### What is being asked
Write out the data again in full, keeping every character the same.

Referring expression grounding data
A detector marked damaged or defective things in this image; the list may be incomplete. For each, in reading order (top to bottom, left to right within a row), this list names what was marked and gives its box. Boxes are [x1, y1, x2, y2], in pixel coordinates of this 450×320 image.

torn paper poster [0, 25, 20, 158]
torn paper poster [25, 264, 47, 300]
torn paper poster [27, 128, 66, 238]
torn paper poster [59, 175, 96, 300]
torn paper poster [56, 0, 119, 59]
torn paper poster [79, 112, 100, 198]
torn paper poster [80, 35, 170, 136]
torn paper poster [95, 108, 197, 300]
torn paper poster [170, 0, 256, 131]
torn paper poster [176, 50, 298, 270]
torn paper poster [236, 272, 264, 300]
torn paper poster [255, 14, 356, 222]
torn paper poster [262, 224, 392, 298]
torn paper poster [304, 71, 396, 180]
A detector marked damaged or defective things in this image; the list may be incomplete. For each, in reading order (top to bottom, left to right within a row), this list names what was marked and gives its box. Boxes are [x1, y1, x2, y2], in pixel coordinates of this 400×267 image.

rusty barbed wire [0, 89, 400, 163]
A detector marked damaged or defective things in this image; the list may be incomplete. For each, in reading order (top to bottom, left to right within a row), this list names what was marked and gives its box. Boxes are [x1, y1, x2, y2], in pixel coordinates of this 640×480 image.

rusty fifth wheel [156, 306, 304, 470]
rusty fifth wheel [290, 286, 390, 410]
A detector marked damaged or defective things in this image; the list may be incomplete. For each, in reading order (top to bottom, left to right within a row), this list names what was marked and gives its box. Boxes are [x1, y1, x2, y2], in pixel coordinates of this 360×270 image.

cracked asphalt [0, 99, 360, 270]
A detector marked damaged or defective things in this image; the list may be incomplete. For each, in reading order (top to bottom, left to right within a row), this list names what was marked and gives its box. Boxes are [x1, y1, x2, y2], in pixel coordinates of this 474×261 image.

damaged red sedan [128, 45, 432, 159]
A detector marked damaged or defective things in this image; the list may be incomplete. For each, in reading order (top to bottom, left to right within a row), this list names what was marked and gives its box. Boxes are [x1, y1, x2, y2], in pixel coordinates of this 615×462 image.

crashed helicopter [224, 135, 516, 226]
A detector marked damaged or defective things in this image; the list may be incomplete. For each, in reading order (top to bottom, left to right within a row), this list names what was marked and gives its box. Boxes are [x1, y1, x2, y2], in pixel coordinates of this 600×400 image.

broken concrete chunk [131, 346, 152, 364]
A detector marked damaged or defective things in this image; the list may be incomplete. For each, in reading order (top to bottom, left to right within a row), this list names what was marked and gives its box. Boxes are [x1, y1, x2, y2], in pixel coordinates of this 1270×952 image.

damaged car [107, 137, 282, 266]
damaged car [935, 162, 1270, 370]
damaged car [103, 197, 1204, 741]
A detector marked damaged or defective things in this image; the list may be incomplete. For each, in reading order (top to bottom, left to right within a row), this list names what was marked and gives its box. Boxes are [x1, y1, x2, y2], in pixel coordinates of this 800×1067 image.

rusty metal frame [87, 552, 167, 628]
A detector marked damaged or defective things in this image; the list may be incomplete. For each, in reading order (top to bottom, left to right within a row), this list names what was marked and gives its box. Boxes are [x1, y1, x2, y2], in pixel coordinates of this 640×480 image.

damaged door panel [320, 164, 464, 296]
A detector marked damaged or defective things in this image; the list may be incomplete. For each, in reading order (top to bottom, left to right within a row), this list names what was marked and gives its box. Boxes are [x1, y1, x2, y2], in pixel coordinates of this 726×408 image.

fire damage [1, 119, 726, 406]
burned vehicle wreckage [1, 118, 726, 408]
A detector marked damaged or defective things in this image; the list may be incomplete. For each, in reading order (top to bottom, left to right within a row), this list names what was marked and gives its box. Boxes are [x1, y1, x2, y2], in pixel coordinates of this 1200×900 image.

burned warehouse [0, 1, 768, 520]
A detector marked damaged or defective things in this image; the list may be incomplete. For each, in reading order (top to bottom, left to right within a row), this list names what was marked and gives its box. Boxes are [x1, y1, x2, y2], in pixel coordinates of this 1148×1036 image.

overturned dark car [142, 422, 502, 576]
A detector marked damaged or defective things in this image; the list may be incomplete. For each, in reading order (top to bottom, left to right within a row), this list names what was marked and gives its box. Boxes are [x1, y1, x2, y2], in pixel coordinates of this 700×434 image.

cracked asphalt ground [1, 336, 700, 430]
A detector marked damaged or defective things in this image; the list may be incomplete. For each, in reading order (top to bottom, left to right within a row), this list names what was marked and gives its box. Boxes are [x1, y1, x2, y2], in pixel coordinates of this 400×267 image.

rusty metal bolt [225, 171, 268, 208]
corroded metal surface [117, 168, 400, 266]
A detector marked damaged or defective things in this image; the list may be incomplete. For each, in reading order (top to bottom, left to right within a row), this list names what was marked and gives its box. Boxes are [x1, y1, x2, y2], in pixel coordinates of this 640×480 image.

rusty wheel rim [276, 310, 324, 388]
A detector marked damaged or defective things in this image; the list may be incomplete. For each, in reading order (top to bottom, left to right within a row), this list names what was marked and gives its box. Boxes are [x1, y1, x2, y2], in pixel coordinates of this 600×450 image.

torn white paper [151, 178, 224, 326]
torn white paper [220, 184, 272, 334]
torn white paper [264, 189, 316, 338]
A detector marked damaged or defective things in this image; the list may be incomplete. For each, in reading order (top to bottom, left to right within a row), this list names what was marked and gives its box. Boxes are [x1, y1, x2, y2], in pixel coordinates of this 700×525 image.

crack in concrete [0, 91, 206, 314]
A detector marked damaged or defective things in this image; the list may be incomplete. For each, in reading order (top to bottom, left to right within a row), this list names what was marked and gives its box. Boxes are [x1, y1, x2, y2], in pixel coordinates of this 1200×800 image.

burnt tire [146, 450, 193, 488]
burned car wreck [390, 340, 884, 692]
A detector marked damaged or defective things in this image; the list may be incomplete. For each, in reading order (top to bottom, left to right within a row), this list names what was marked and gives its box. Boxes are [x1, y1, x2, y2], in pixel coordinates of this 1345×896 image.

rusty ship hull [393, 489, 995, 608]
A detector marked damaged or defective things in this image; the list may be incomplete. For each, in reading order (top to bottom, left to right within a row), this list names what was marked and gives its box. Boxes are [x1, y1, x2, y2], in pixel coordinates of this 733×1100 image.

### Task result
A detector marked damaged or defective things in this image; the list may be incomplete. For each, in reading order (top to bottom, left to right within a row), this list names what was marked and gives its box. Boxes are [x1, y1, x2, y2], in pixel coordinates of this 450×320 image.

torn paper poster [0, 25, 20, 158]
torn paper poster [25, 264, 47, 300]
torn paper poster [27, 128, 66, 238]
torn paper poster [59, 175, 96, 300]
torn paper poster [56, 0, 119, 59]
torn paper poster [79, 112, 100, 198]
torn paper poster [80, 35, 170, 136]
torn paper poster [95, 108, 197, 300]
torn paper poster [170, 0, 256, 131]
torn paper poster [176, 50, 298, 270]
torn paper poster [236, 272, 264, 300]
torn paper poster [255, 14, 356, 222]
torn paper poster [262, 224, 392, 298]
torn paper poster [304, 71, 396, 180]
A detector marked damaged or defective things in this image; the list may be incomplete. For each, in reading order (top to bottom, left to right within a row), this list names what was marked and gives its box. Boxes are [x1, y1, x2, y2], in pixel coordinates of this 400×267 image.

rusty barbed wire [0, 89, 400, 163]
A detector marked damaged or defective things in this image; the list may be incomplete. For each, in reading order (top to bottom, left to right within a row), this list names what was marked and gives its box. Boxes are [x1, y1, x2, y2], in pixel coordinates of this 640×480 image.

rusty fifth wheel [156, 306, 304, 470]
rusty fifth wheel [290, 286, 390, 410]
A detector marked damaged or defective things in this image; the list may be incomplete. For each, in reading order (top to bottom, left to right within a row), this list names what was marked and gives its box. Boxes are [x1, y1, x2, y2], in pixel coordinates of this 360×270 image.

cracked asphalt [0, 99, 360, 270]
A detector marked damaged or defective things in this image; the list may be incomplete. For each, in reading order (top to bottom, left to right within a row), this list names what was marked and gives its box. Boxes are [x1, y1, x2, y2], in pixel coordinates of this 474×261 image.

damaged red sedan [128, 45, 432, 159]
A detector marked damaged or defective things in this image; the list may be incomplete. For each, in reading order (top to bottom, left to right within a row), this list names what was marked and gives its box. Boxes are [x1, y1, x2, y2], in pixel coordinates of this 615×462 image.

crashed helicopter [224, 135, 516, 226]
A detector marked damaged or defective things in this image; the list may be incomplete. For each, in reading order (top to bottom, left to right within a row), this list names what was marked and gives its box. Boxes are [x1, y1, x2, y2], in pixel coordinates of this 600×400 image.

broken concrete chunk [131, 346, 152, 364]
A detector marked damaged or defective things in this image; the list may be incomplete. For each, in reading order (top to bottom, left to right within a row), this list names what was marked and gives its box. Boxes are [x1, y1, x2, y2], in pixel coordinates of this 1270×952 image.

damaged car [107, 137, 282, 266]
damaged car [935, 162, 1270, 370]
damaged car [103, 197, 1204, 741]
A detector marked damaged or defective things in this image; the list may be incomplete. For each, in reading order (top to bottom, left to right within a row), this list names what was marked and gives its box. Boxes are [x1, y1, x2, y2], in pixel coordinates of this 800×1067 image.

rusty metal frame [87, 552, 167, 628]
A detector marked damaged or defective things in this image; the list may be incomplete. For each, in reading order (top to bottom, left to right within a row), this list names what was marked and gives its box. Boxes are [x1, y1, x2, y2], in pixel coordinates of this 640×480 image.

damaged door panel [320, 164, 464, 296]
A detector marked damaged or defective things in this image; the list may be incomplete. For each, in reading order (top to bottom, left to right within a row), this list names what was marked and gives its box. Boxes are [x1, y1, x2, y2], in pixel coordinates of this 726×408 image.

fire damage [1, 119, 726, 406]
burned vehicle wreckage [1, 118, 726, 408]
A detector marked damaged or defective things in this image; the list may be incomplete. For each, in reading order (top to bottom, left to right within a row), this list names what was marked and gives its box. Boxes are [x1, y1, x2, y2], in pixel coordinates of this 1200×900 image.

burned warehouse [0, 1, 768, 520]
A detector marked damaged or defective things in this image; the list may be incomplete. For each, in reading order (top to bottom, left to right within a row), this list names what was marked and gives its box. Boxes are [x1, y1, x2, y2], in pixel coordinates of this 1148×1036 image.

overturned dark car [142, 422, 502, 576]
A detector marked damaged or defective things in this image; the list may be incomplete. For each, in reading order (top to bottom, left to right within a row), this list names what was marked and gives its box. Boxes are [x1, y1, x2, y2], in pixel coordinates of this 700×434 image.

cracked asphalt ground [1, 336, 700, 430]
A detector marked damaged or defective things in this image; the list may be incomplete. For each, in reading order (top to bottom, left to right within a row), this list names what was marked and gives its box. Boxes are [x1, y1, x2, y2], in pixel coordinates of this 400×267 image.

rusty metal bolt [225, 171, 268, 208]
corroded metal surface [117, 168, 400, 266]
A detector marked damaged or defective things in this image; the list may be incomplete. For each, in reading order (top to bottom, left to right within a row), this list names what was marked and gives its box. Boxes are [x1, y1, x2, y2], in pixel coordinates of this 640×480 image.

rusty wheel rim [276, 310, 324, 388]
A detector marked damaged or defective things in this image; the list may be incomplete. For each, in reading order (top to bottom, left to right within a row), this list names what was marked and gives its box. Boxes are [x1, y1, x2, y2], in pixel coordinates of this 600×450 image.

torn white paper [151, 178, 224, 326]
torn white paper [220, 184, 272, 334]
torn white paper [264, 189, 316, 338]
A detector marked damaged or defective things in this image; the list may be incomplete. For each, in reading order (top to bottom, left to right within a row), this list names what was marked and gives its box. Boxes are [x1, y1, x2, y2], in pixel coordinates of this 700×525 image.

crack in concrete [0, 91, 206, 314]
A detector marked damaged or defective things in this image; the list may be incomplete. For each, in reading order (top to bottom, left to right within a row), this list names what was marked and gives its box. Boxes are [x1, y1, x2, y2], in pixel coordinates of this 1200×800 image.

burnt tire [146, 450, 193, 488]
burned car wreck [390, 340, 884, 692]
A detector marked damaged or defective things in this image; the list may be incomplete. For each, in reading order (top to bottom, left to right within a row), this list names what was marked and gives its box. Boxes are [x1, y1, x2, y2], in pixel coordinates of this 1345×896 image.

rusty ship hull [393, 489, 995, 608]
A detector marked damaged or defective things in this image; the list may be incomplete. For each, in reading order (top to bottom, left to right within a row), this list names what was marked and gives its box. Boxes are [x1, y1, x2, y2], in pixel coordinates of this 733×1100 image.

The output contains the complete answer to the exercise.